Hyphenation on the web

I spent a while this week looking into how best to automatically hyphenate text on websites, to improve Today’s Guardian. I couldn’t find anything recent that summarised the options, so here’s a quick run-down of what I discovered. If you know any more, or any better, please do correct me.

Hyphenation with CSS

Ideally, we’d want to enable hyphenation at the CSS level, on some unprepared text, and have it hyphenate if needed. We’re not there yet.

CSS3 features the hyphens property but I don’t think it’s supported much yet, even using the -moz-hyphens and -webkit-hyphens properties for Mozilla- and Webkit-based browsers.

Eric Meyer has a test page and in an ideal world paragraph #p03 would feature some hyphens at the ends of the lines. This doesn’t work for me in Safari 5.05, Chrome 12.0.742.91, or Firefox 4.0, even in a version of the page with the browser-specific properties set.

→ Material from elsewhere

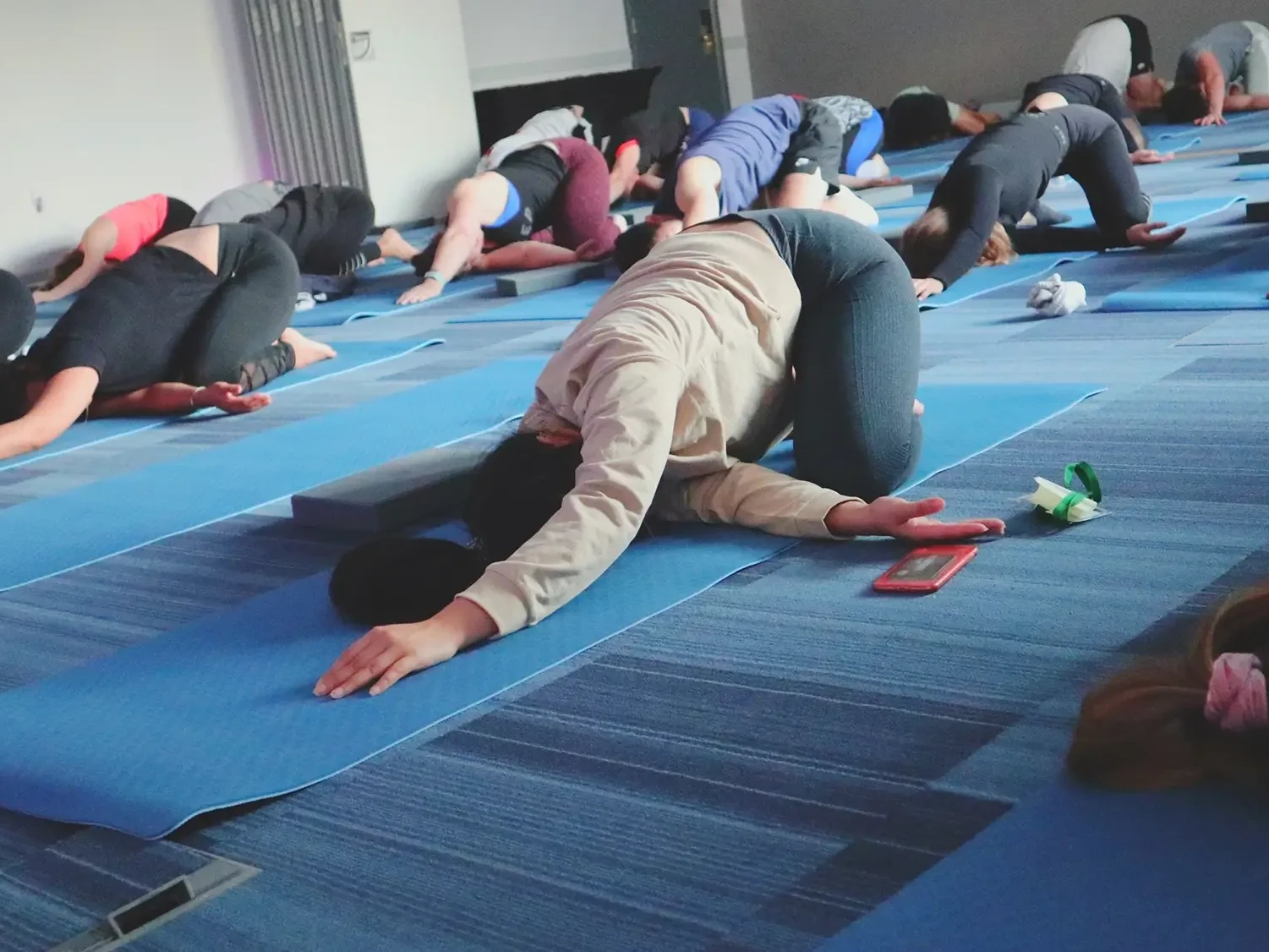 Corporate team participating in Yoga team building class doing stretches on the floor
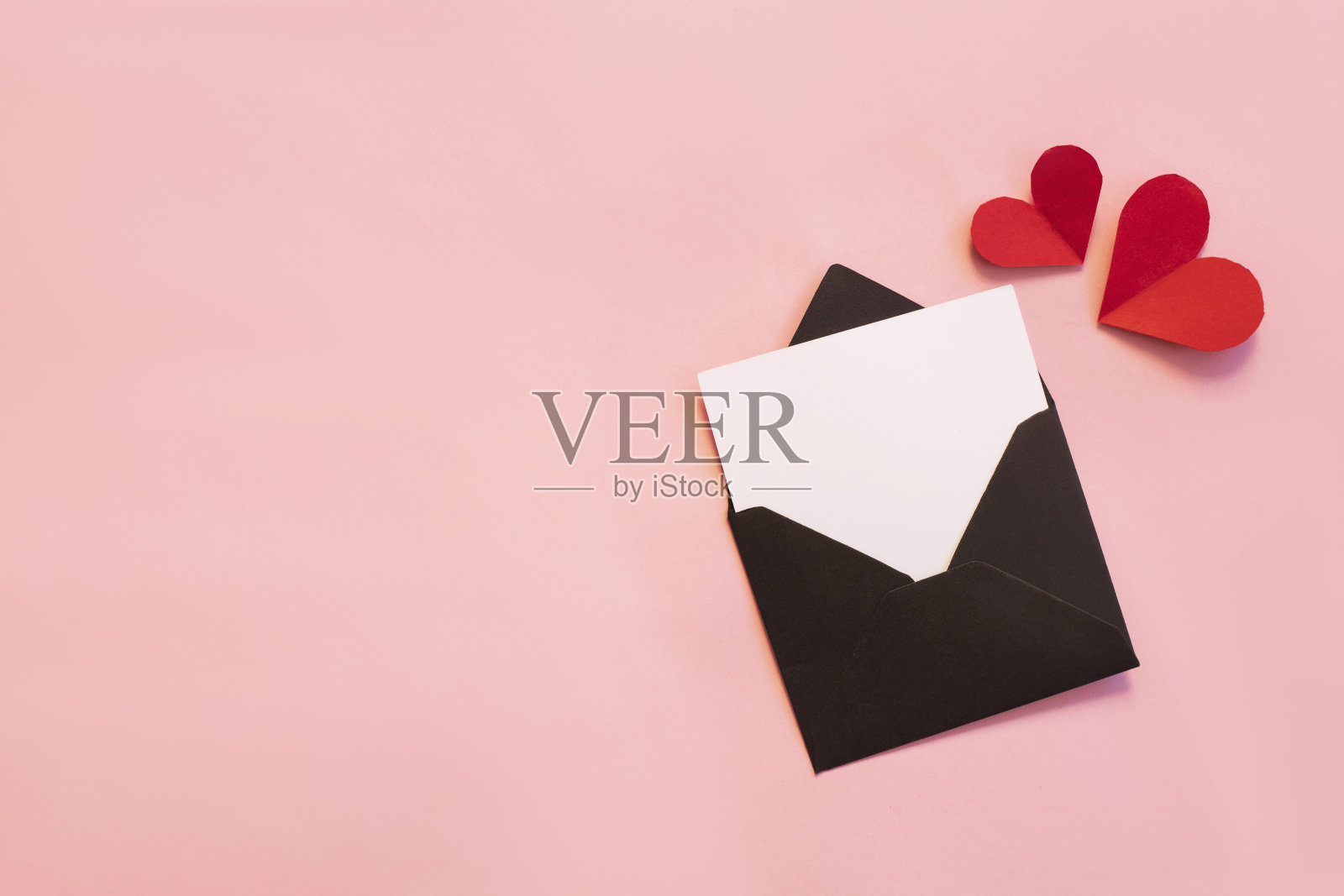 黑色的纸信封空白白色的笔记模型里面和情人节的心在粉红色的背景。平躺，俯视图。浪漫的情书情人节的概念照片摄影图片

But Safari on an iPad with iOS 4.2 does hyphenate paragraph #p03 when -webkit-hyphens is applied. And it looks like Firefox Nightly and Webkit Nightly gained support for -moz-hyphens and -webkit-hyphens recently.

I can taste the fut-ure.

However, hyphenation is complicated, and badly-hyphenated text is more annoying to read than non-hyphenated. The technology needs to understand where to put hyphens and there are algorithms to help them do this. The rules are also, of course, different for every language. Germans, with their lengthy compound words are particularly interested in hyphenation.

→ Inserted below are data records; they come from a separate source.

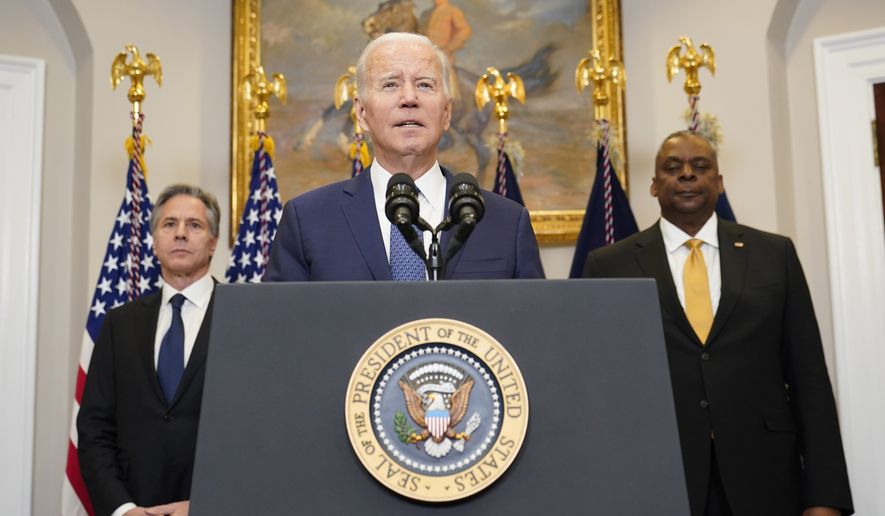 President Joe Biden speaks about Ukraine from the Roosevelt Room at the White House in Washington, Wednesday, Jan. 25, 2023, as Secretary of State Antony Blinken, left, and Defense Secretary Lloyd Austin listen. (AP Photo/Susan Walsh)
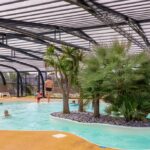 Piscine couverte avec îlot de palmiers au Camping Park Er Lann
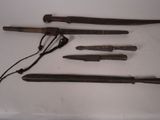 several different types of weapons are displayed on a white surface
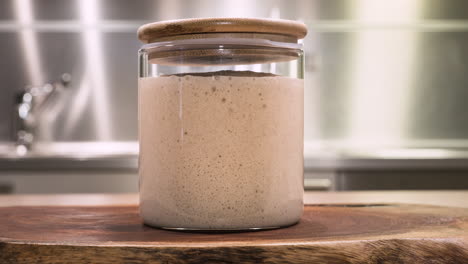 homemade sourdough starter rising in a jar during fermentation - time lapse, zoom-in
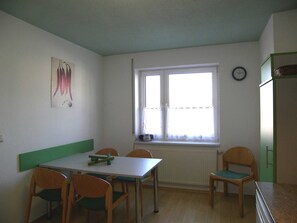 Une pièce comprenant une table à manger et des chaises, une fenêtre avec des stores, un radiateur et une horloge au mur.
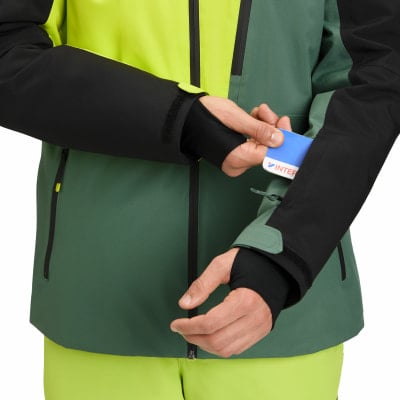 Ein Mann steckt eine Karte in eine Ärmeltasche einer Skijacke. Ein Mann steckt eine Karte in eine Ärmeltasche einer Skijacke.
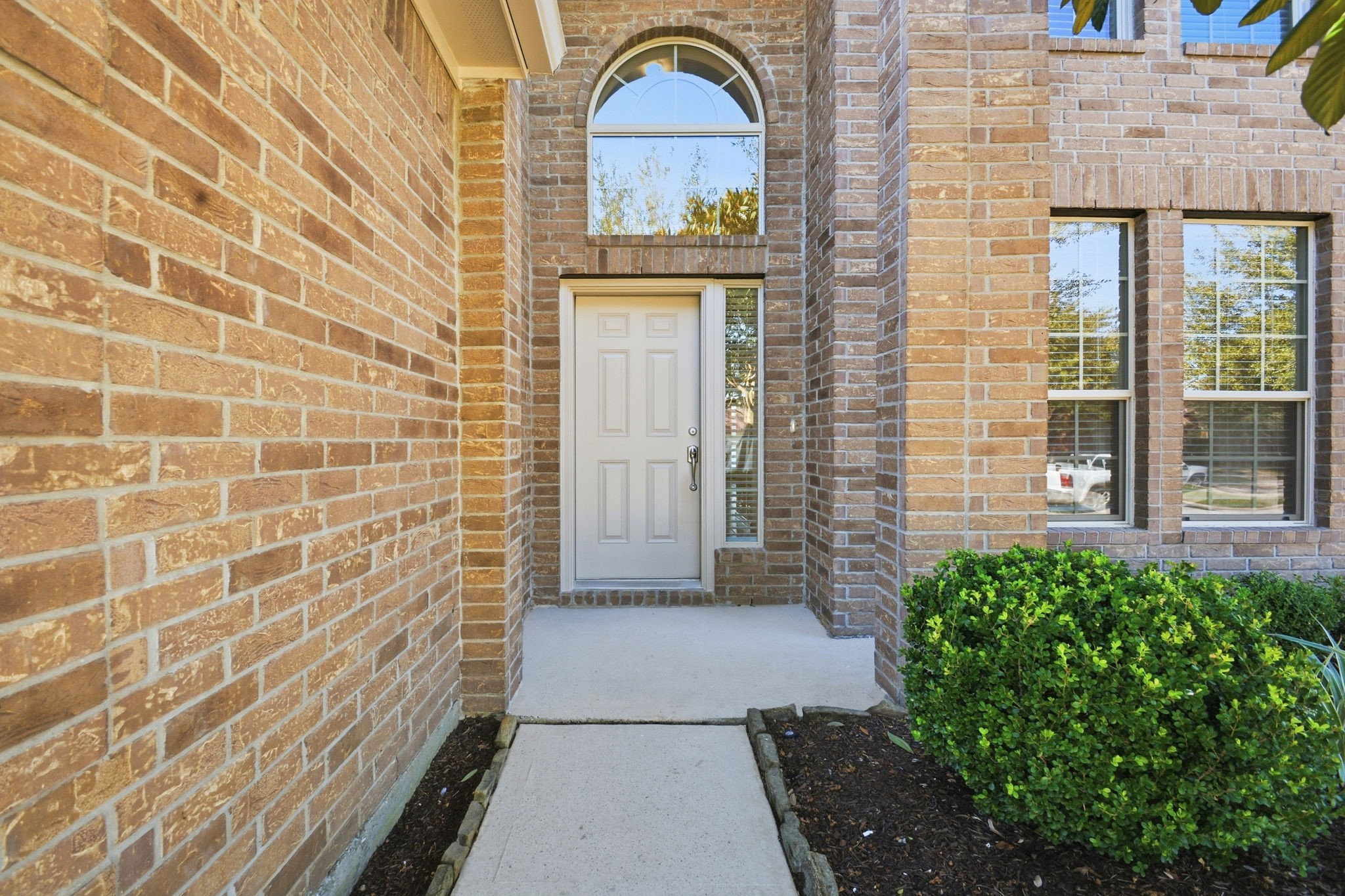 25523 Marmite Drive Tomball, TX 77375 - Photo 4 of 50 a view of a brick house with a door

In CSS3, there is a hyphenate-resource property which allows you to specify a dictionary containing words and their possible hyphenation points. However, I couldn’t find out much about this property: how to use it, when to use it, if it was necessary (will browsers have dictionaries built in?), where to get dictionaries from, what format they should be in, etc.

Hyphenation at the back end

If you really, really want hyphenation, and can’t wait for browsers to catch up, you’ll need to prepare your text by inserting all the possible hyphenation points in the form of soft-hyphens (the HTML entity ­ or the U+00AD Unicode character). These are normally invisible to the reader but tell the browser where to break a word with a hyphen if necessary.

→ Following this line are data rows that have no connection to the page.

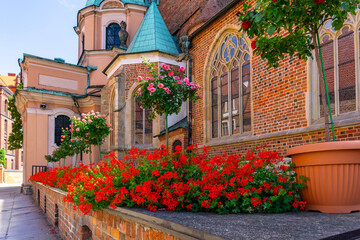 Fototapeta premium Ostrów Tumski in Wrocław, historic church with brick facade, stained glass windows, and red geraniums in planters decorating the entrance.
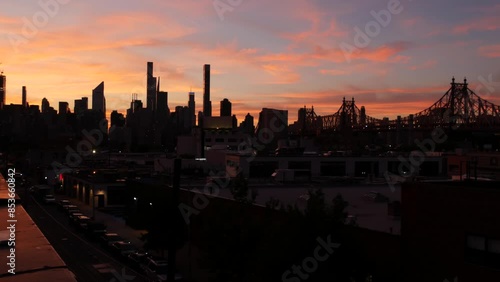 New York City Manhattan skyline cityscape. Rooftop in Queens, Midtown buildings, Queensboro Bridge. Sunset pink purple sky from roof in Long Island. Skyscrapers silhouette, high-rise architecture, NYC photo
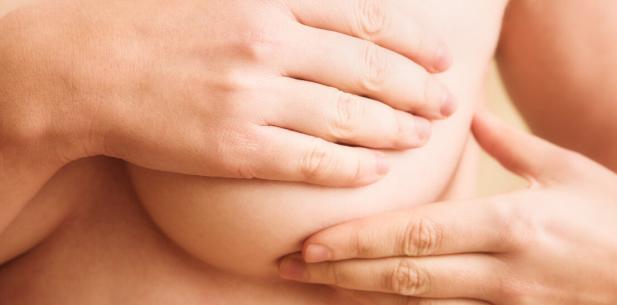 Hand gaat over borst voor borstonderzoek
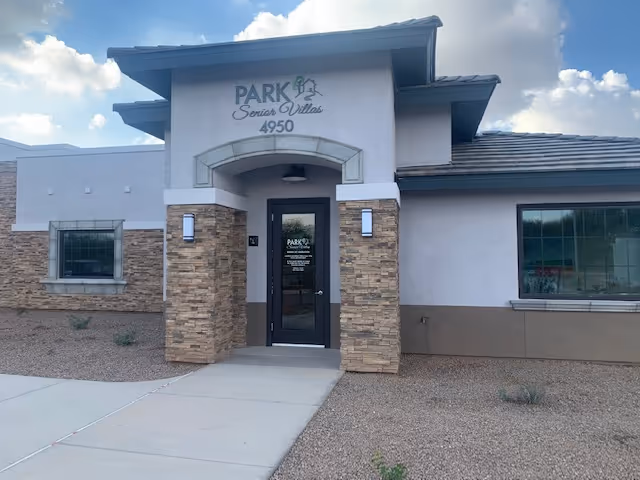 Exterior view of Park Senior Villas entrance with stone columns and a glass door.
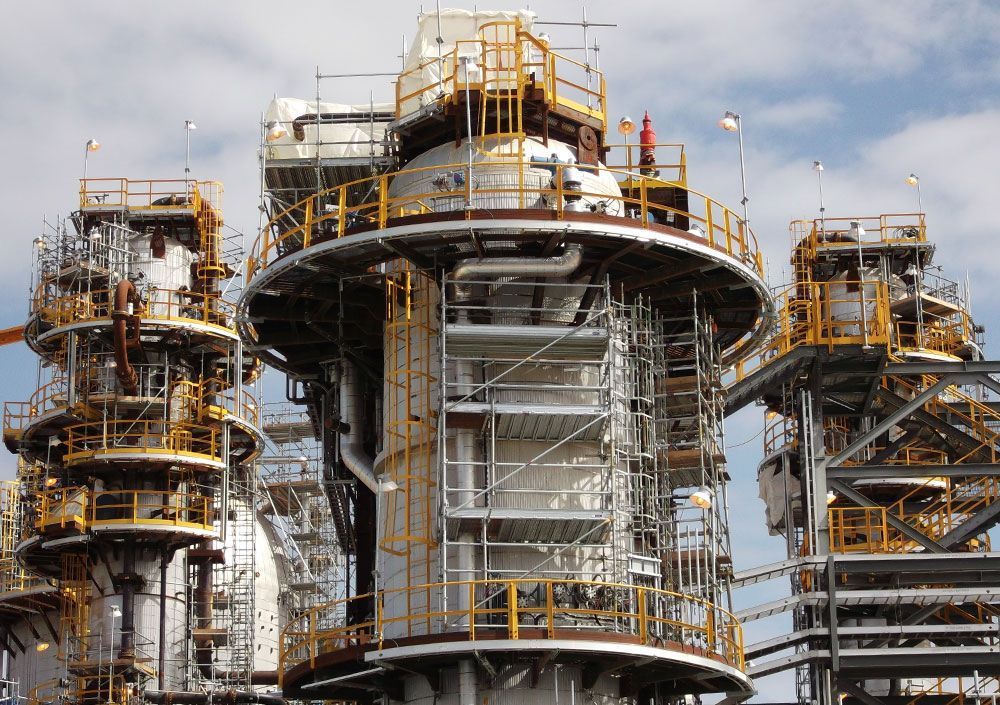 Industrial structure under construction with scaffolding and workers on a large concrete tower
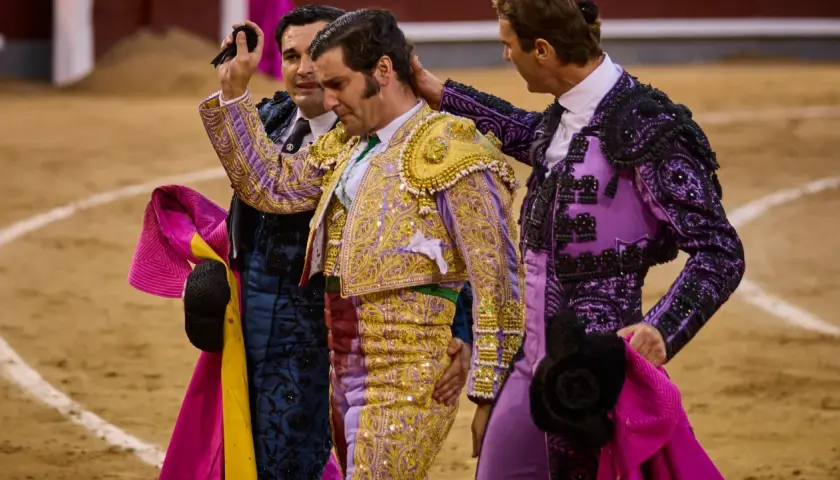 Tres toreros con trajes de luces, uno con coleta de torero, son felicitados en la arena.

You could do this on the back end and serve up prepared text. I didn’t look into this very deeply, so if you know of a great solution, let me know. I did find these two projects for Python:

  • PyHyphen is “a wrapper … around the Open Source C library ‘libhyphen’”, used in OpenOffice and Mozilla.

  • Python-hyphenatore is a “pure Python” module.

Both of those require hyphenation dictionaries to provide their rules. Apparently OpenOffice supply some. This page of old dictionaries is as far as I got before hitting broken links, and I’ve no idea if they’re the right kind of thing.

Hyphenation with JavaScript

Alternatively, you could serve up standard text and process it at the front end with JavaScript. There are a couple of ways to do this.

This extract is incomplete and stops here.